New York (June 26, 2002) -- The audit committee of troubled communications carrier WorldCom Inc. has uncovered what may be the largest accounting fraud in U.S. history, discovering the company had improperly booked some $3.8 billion in expenses as capital expenditures.
The improper booking subsequently raised the company’s cash flow -- a key indicator on fiscal health -- as well as profit for past five quarters.
WorldCom reported a profit of $1.4 billion for 2001 and $130 million for the first quarter of 2002. However, without the expenses being booked as capital expenditures, the company would have posted a loss for 2001 and also for the opening quarter of 2002.
Mississippi-based WorldCom yesterday fired its chief financial officer, Scott Sullivan; and David Myers, a senior vice president and controller, resigned.
The company said it would also restate its past five quarters and plans to cut 17,000 jobs.
WorldCom said the irregularity was picked up during a routine internal audit, which was conducted following the ouster of former chief executive Bernie Ebbers, in April.

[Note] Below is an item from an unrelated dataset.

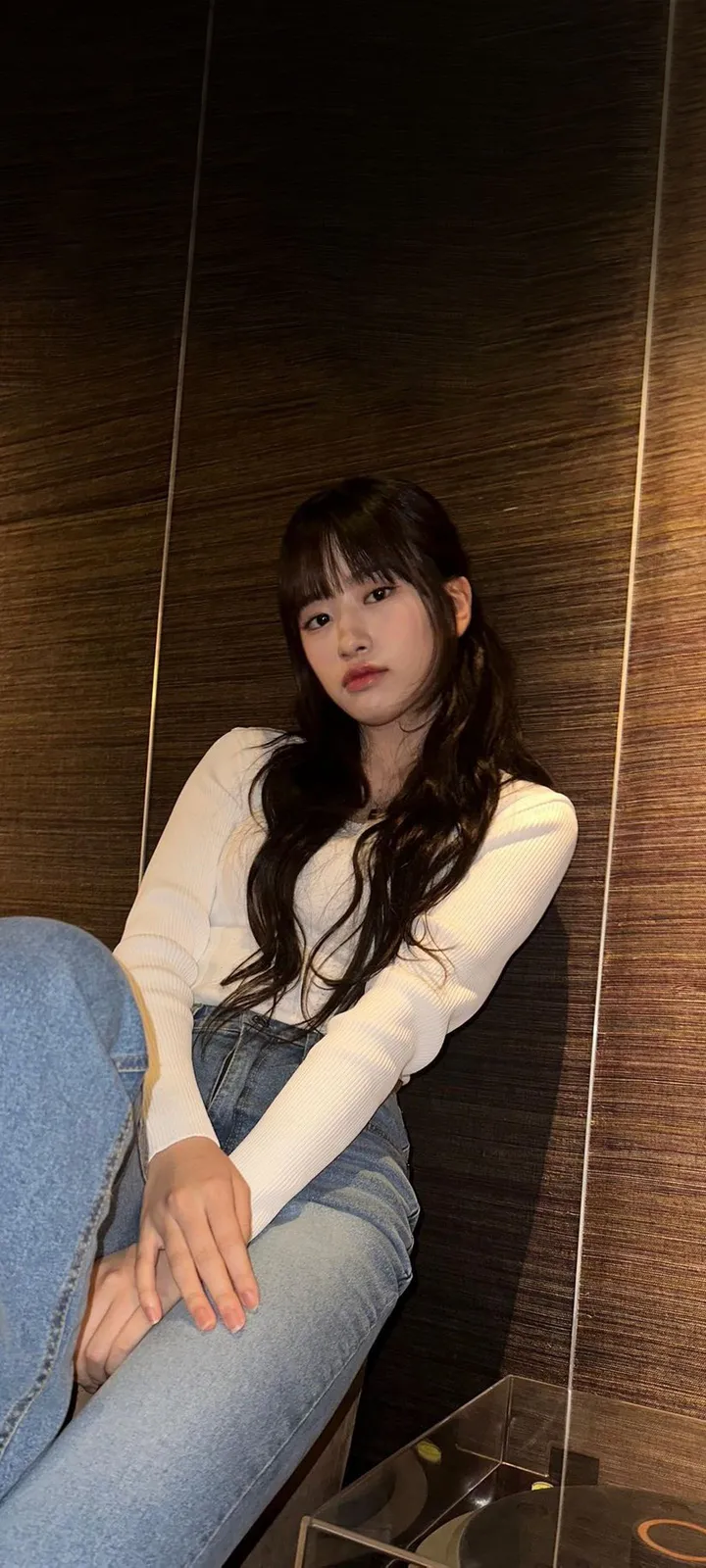 Fond d'écran de verrouillage mobile An Yu-jin 4K HD télécharger — IZ*ONE, IVE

WorldCom said the matter was turned over to the company's internal audit committee and newly hired external auditor KPMG, which had replaced former auditor Andersen.

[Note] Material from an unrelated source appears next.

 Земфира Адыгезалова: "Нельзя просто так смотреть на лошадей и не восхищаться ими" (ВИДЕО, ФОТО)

KPMG subsequently notified the SEC, which had already been investigating WorldCom.
In a statement Andersen said, "Our work for WorldCom complied with SEC and professional standards at all times. It is of great concern that important information about line costs was withheld from Andersen auditors by the chief financial officer of WorldCom. The WorldCom CFO did not tell Andersen about the line cost transfers nor did he consult with Andersen about the accounting treatment."